■ The records ■

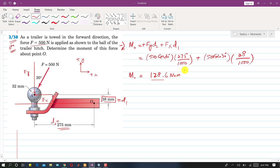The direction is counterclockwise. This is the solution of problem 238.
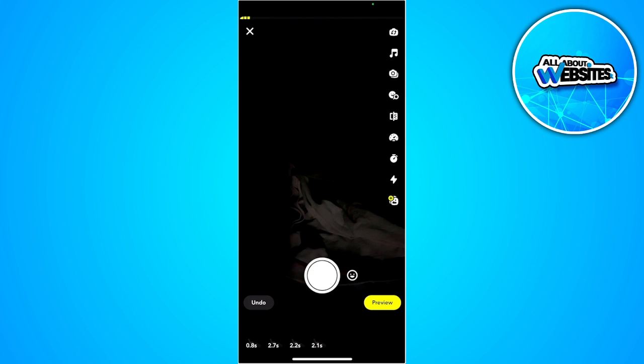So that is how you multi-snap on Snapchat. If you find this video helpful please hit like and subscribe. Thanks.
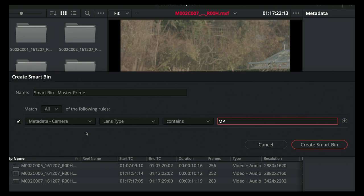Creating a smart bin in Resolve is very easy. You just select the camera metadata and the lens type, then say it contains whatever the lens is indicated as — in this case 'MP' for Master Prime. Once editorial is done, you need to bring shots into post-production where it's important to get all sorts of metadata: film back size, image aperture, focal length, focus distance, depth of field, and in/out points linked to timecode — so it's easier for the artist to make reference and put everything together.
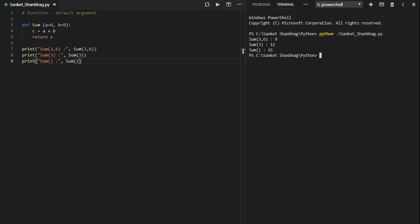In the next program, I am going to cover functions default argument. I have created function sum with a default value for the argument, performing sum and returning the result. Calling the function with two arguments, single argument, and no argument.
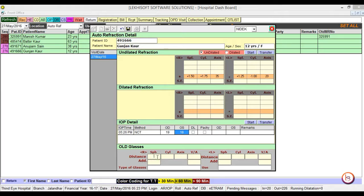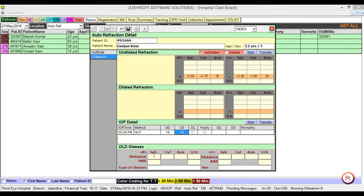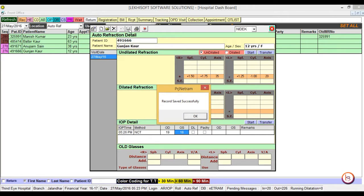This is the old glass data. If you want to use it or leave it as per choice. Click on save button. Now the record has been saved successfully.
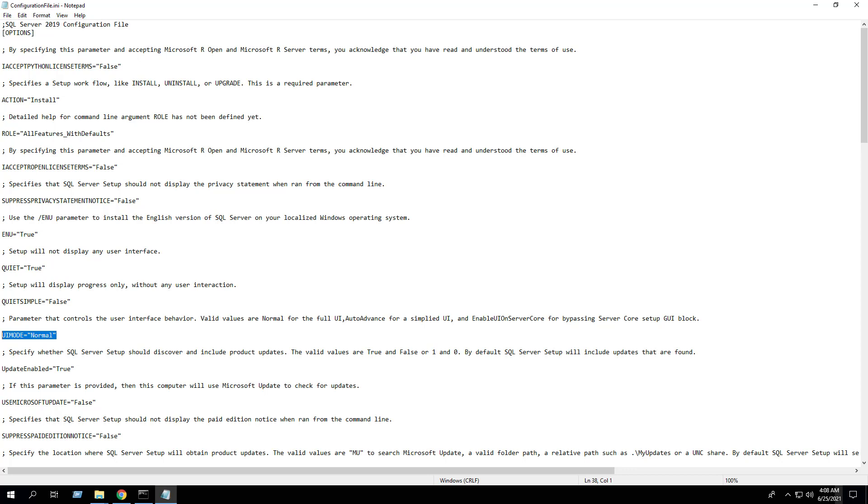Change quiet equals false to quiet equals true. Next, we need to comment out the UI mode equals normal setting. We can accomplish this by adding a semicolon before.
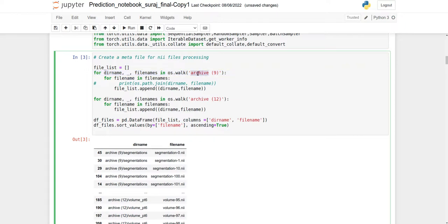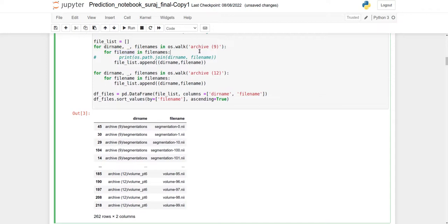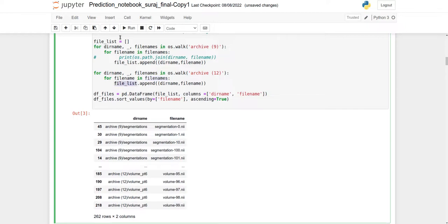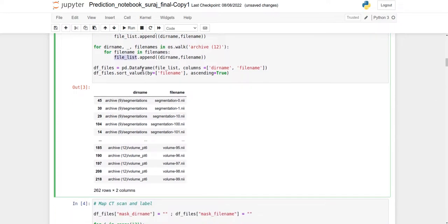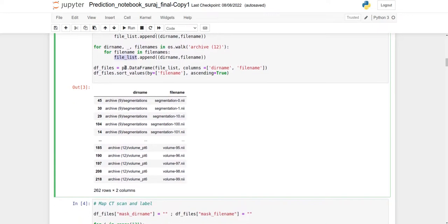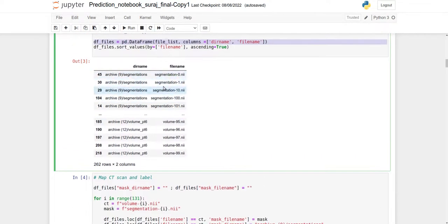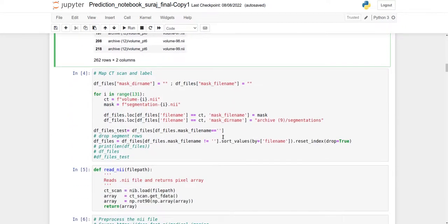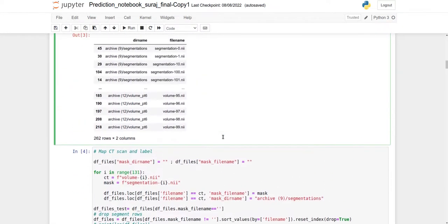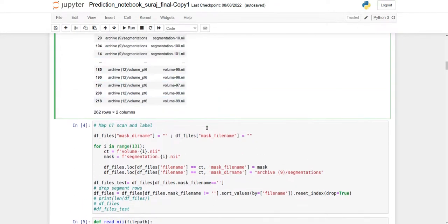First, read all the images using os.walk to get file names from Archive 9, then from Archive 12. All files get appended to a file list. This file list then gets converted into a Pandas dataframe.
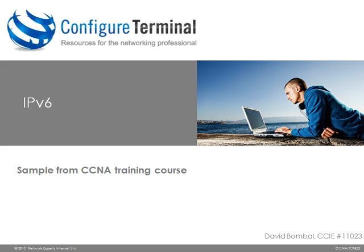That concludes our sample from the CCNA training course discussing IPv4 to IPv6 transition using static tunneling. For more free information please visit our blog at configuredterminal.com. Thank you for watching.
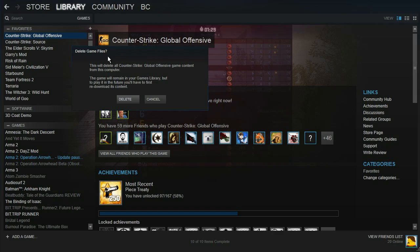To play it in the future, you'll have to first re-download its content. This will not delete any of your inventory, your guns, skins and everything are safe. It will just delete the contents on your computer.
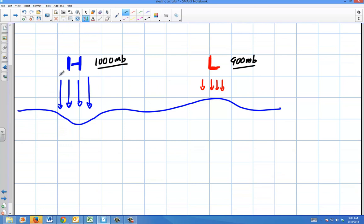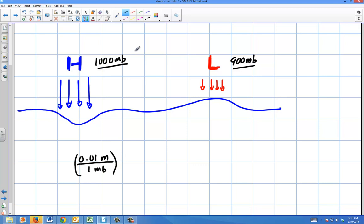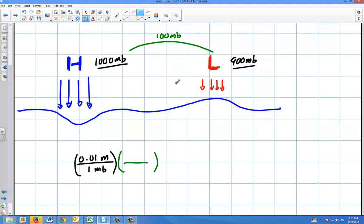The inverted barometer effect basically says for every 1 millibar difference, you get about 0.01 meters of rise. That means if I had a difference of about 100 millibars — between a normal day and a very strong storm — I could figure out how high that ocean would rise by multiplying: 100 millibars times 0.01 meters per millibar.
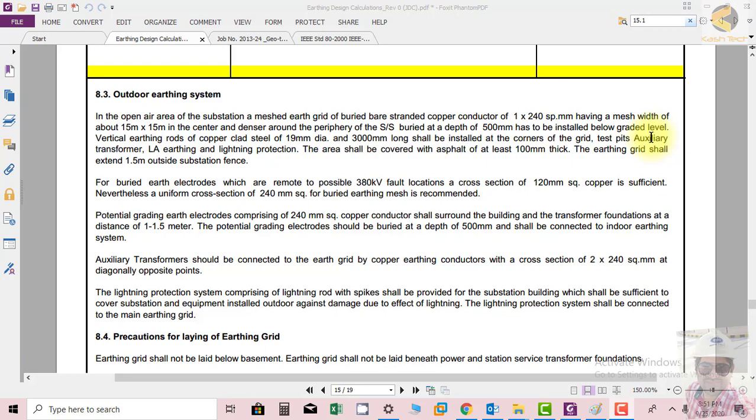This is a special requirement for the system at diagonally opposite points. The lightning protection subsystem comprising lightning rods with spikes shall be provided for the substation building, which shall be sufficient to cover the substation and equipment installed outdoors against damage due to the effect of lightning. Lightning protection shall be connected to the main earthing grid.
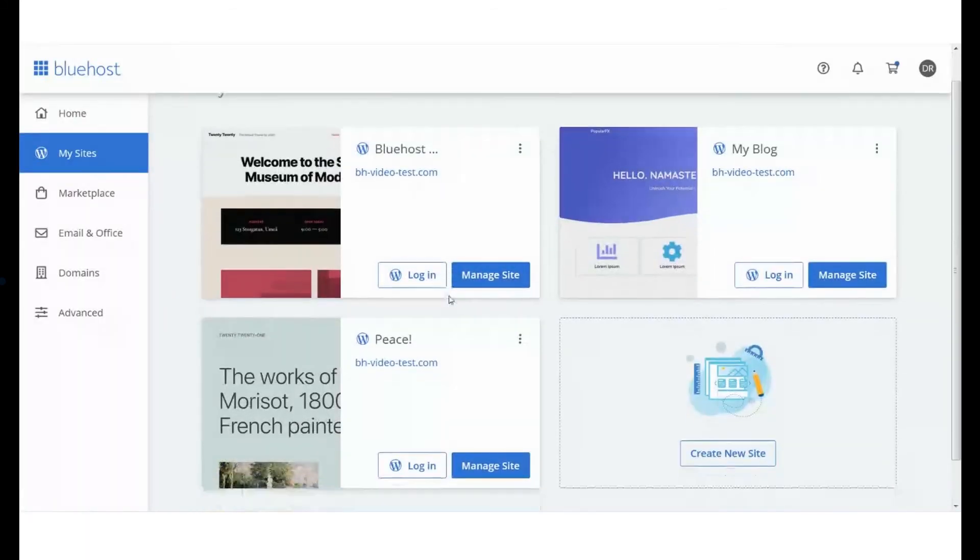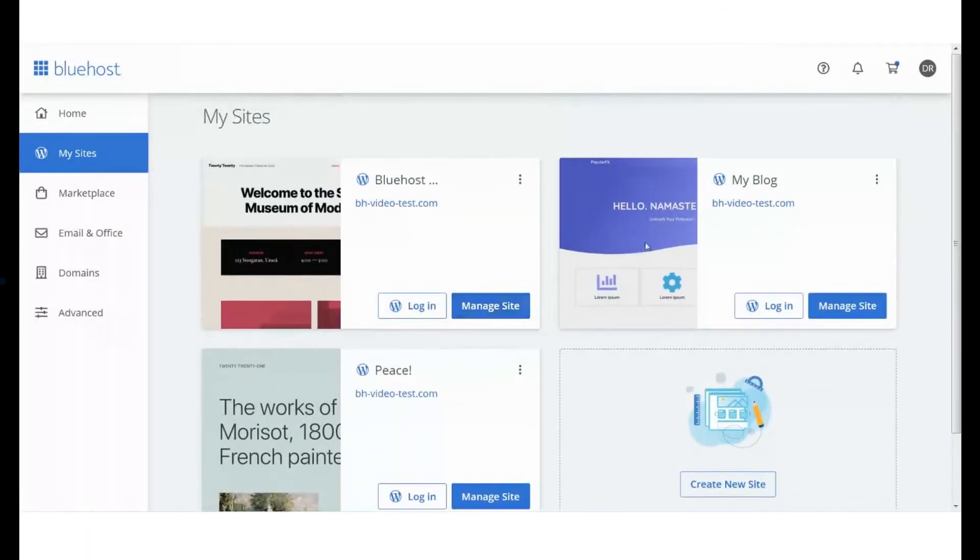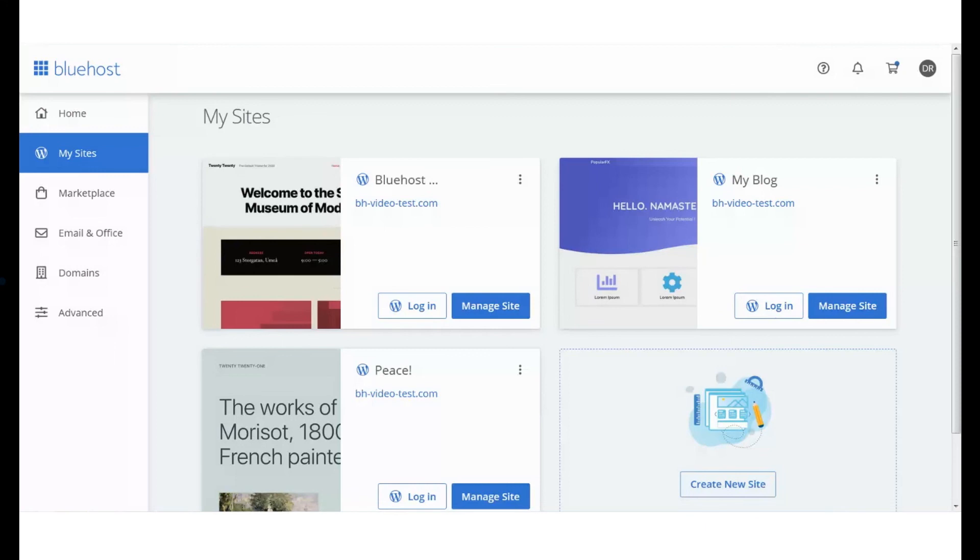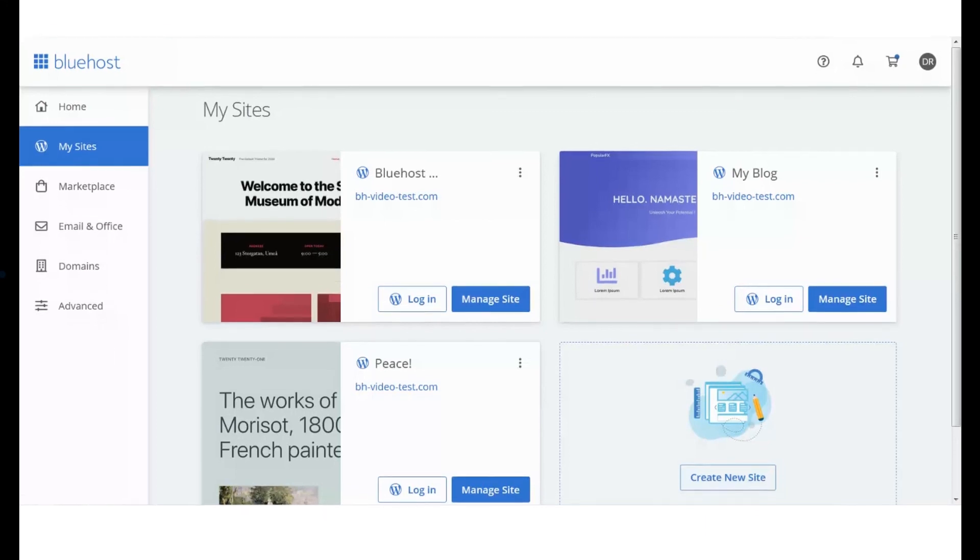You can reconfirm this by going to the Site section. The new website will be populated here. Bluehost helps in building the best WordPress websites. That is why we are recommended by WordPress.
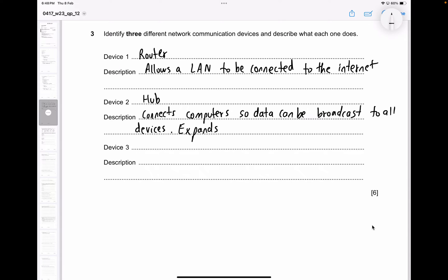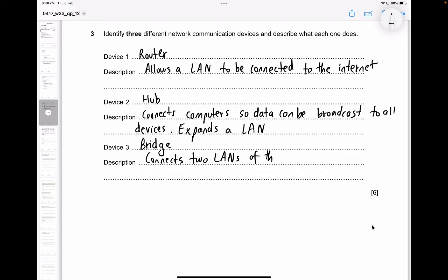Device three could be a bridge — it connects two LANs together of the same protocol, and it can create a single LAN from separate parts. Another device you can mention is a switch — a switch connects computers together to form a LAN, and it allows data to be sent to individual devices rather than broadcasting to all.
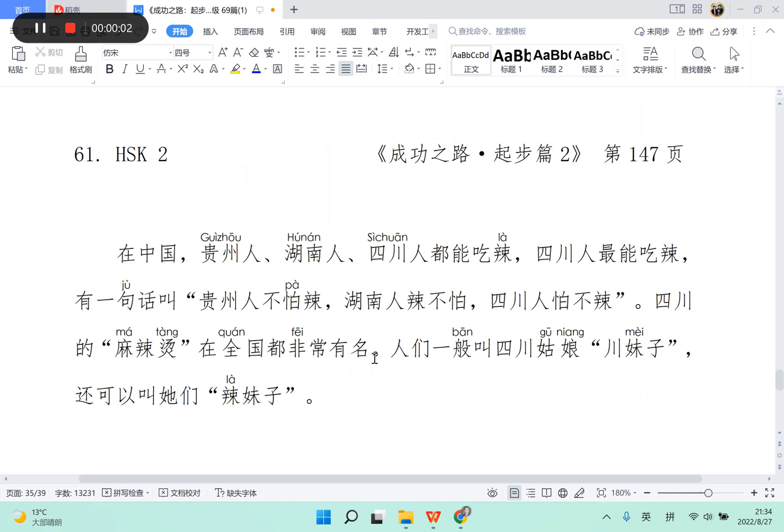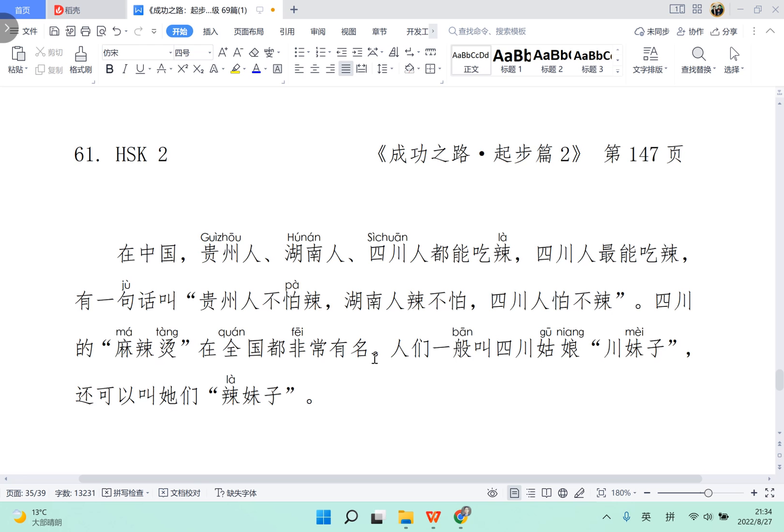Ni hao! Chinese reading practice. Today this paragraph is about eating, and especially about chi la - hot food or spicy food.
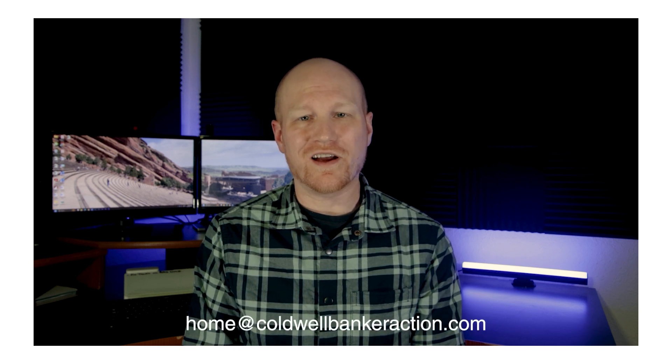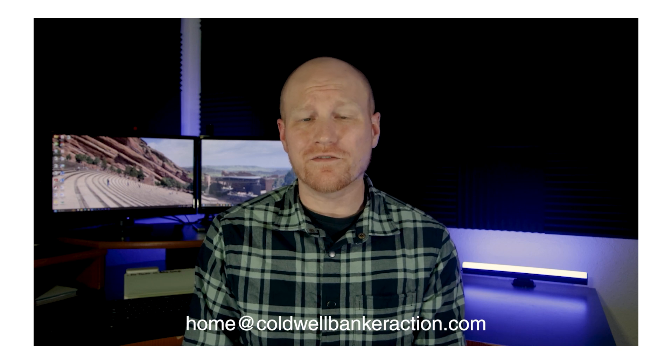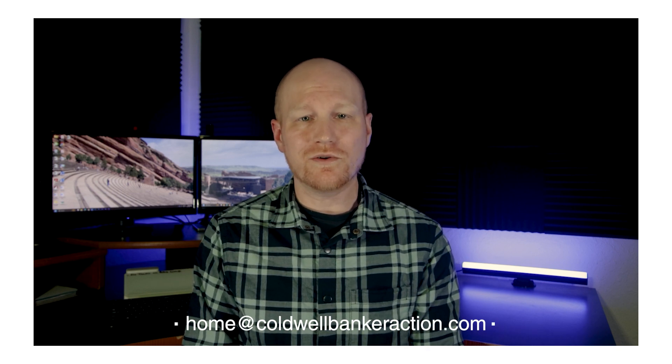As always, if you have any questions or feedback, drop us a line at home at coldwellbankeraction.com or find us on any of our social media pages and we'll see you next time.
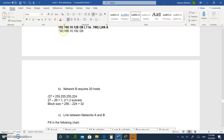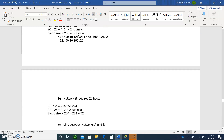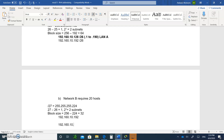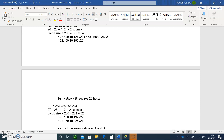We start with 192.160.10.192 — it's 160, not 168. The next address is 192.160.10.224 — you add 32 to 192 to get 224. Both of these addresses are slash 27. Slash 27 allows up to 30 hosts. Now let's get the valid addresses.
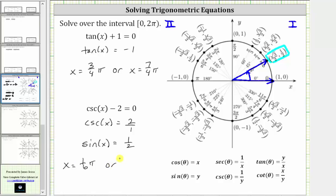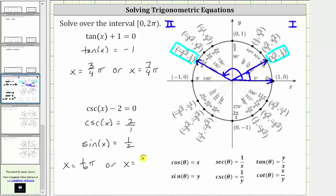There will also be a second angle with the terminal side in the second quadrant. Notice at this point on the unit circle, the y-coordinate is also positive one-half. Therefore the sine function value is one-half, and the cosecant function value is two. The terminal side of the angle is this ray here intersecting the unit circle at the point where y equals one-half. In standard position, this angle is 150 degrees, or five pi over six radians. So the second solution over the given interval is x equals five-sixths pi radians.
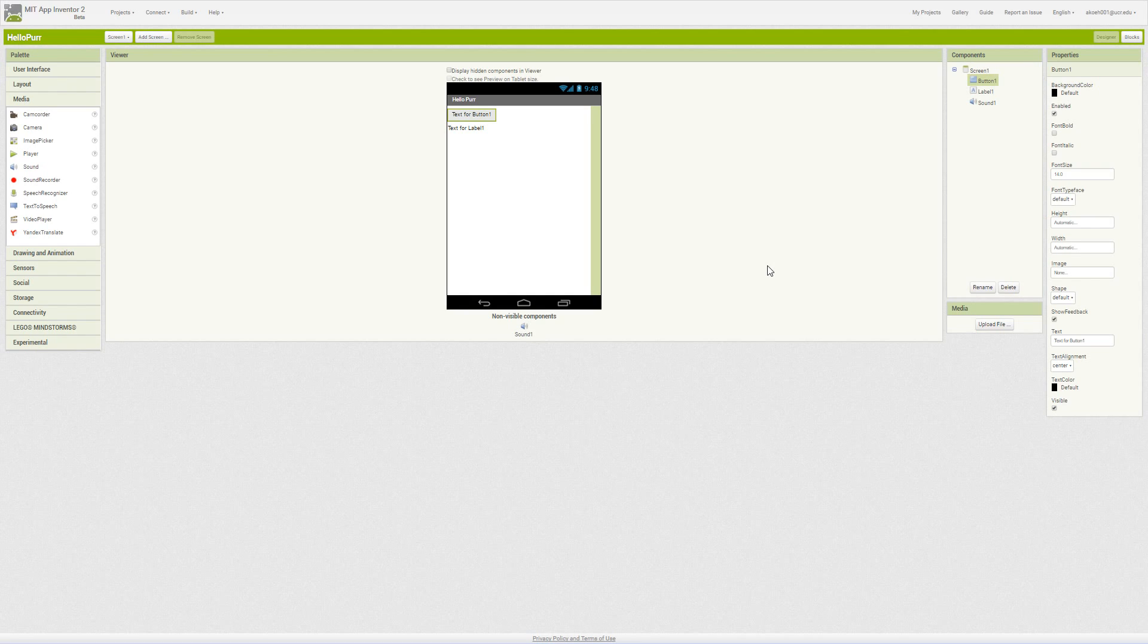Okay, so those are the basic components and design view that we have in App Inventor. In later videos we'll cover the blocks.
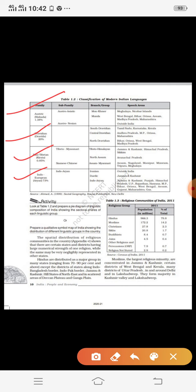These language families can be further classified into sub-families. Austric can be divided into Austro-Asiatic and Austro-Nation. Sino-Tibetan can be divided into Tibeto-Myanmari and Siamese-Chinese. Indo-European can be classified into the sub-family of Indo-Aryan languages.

■ The problem ■
Would you print all the entries again exactly, minus any pictures?

■ Reply ■
The direction is counterclockwise. This is the solution of problem 238.
So that is how you multi-snap on Snapchat. If you find this video helpful please hit like and subscribe. Thanks.
Creating a smart bin in Resolve is very easy. You just select the camera metadata and the lens type, then say it contains whatever the lens is indicated as — in this case 'MP' for Master Prime. Once editorial is done, you need to bring shots into post-production where it's important to get all sorts of metadata: film back size, image aperture, focal length, focus distance, depth of field, and in/out points linked to timecode — so it's easier for the artist to make reference and put everything together.
In the next program, I am going to cover functions default argument. I have created function sum with a default value for the argument, performing sum and returning the result. Calling the function with two arguments, single argument, and no argument.
This is the old glass data. If you want to use it or leave it as per choice. Click on save button. Now the record has been saved successfully.
Change quiet equals false to quiet equals true. Next, we need to comment out the UI mode equals normal setting. We can accomplish this by adding a semicolon before.
First, read all the images using os.walk to get file names from Archive 9, then from Archive 12. All files get appended to a file list. This file list then gets converted into a Pandas dataframe.
That concludes our sample from the CCNA training course discussing IPv4 to IPv6 transition using static tunneling. For more free information please visit our blog at configuredterminal.com. Thank you for watching.
To play it in the future, you'll have to first re-download its content. This will not delete any of your inventory, your guns, skins and everything are safe. It will just delete the contents on your computer.
The inverted barometer effect basically says for every 1 millibar difference, you get about 0.01 meters of rise. That means if I had a difference of about 100 millibars — between a normal day and a very strong storm — I could figure out how high that ocean would rise by multiplying: 100 millibars times 0.01 meters per millibar.
This is a special requirement for the system at diagonally opposite points. The lightning protection subsystem comprising lightning rods with spikes shall be provided for the substation building, which shall be sufficient to cover the substation and equipment installed outdoors against damage due to the effect of lightning. Lightning protection shall be connected to the main earthing grid.
You can reconfirm this by going to the Site section. The new website will be populated here. Bluehost helps in building the best WordPress websites. That is why we are recommended by WordPress.
Device three could be a bridge — it connects two LANs together of the same protocol, and it can create a single LAN from separate parts. Another device you can mention is a switch — a switch connects computers together to form a LAN, and it allows data to be sent to individual devices rather than broadcasting to all.
Ni hao! Chinese reading practice. Today this paragraph is about eating, and especially about chi la - hot food or spicy food.
As always, if you have any questions or feedback, drop us a line at home at coldwellbankeraction.com or find us on any of our social media pages and we'll see you next time.
We start with 192.160.10.192 — it's 160, not 168. The next address is 192.160.10.224 — you add 32 to 192 to get 224. Both of these addresses are slash 27. Slash 27 allows up to 30 hosts. Now let's get the valid addresses.
There will also be a second angle with the terminal side in the second quadrant. Notice at this point on the unit circle, the y-coordinate is also positive one-half. Therefore the sine function value is one-half, and the cosecant function value is two. The terminal side of the angle is this ray here intersecting the unit circle at the point where y equals one-half. In standard position, this angle is 150 degrees, or five pi over six radians. So the second solution over the given interval is x equals five-sixths pi radians.
Okay, so those are the basic components and design view that we have in App Inventor. In later videos we'll cover the blocks.
These language families can be further classified into sub-families. Austric can be divided into Austro-Asiatic and Austro-Nation. Sino-Tibetan can be divided into Tibeto-Myanmari and Siamese-Chinese. Indo-European can be classified into the sub-family of Indo-Aryan languages.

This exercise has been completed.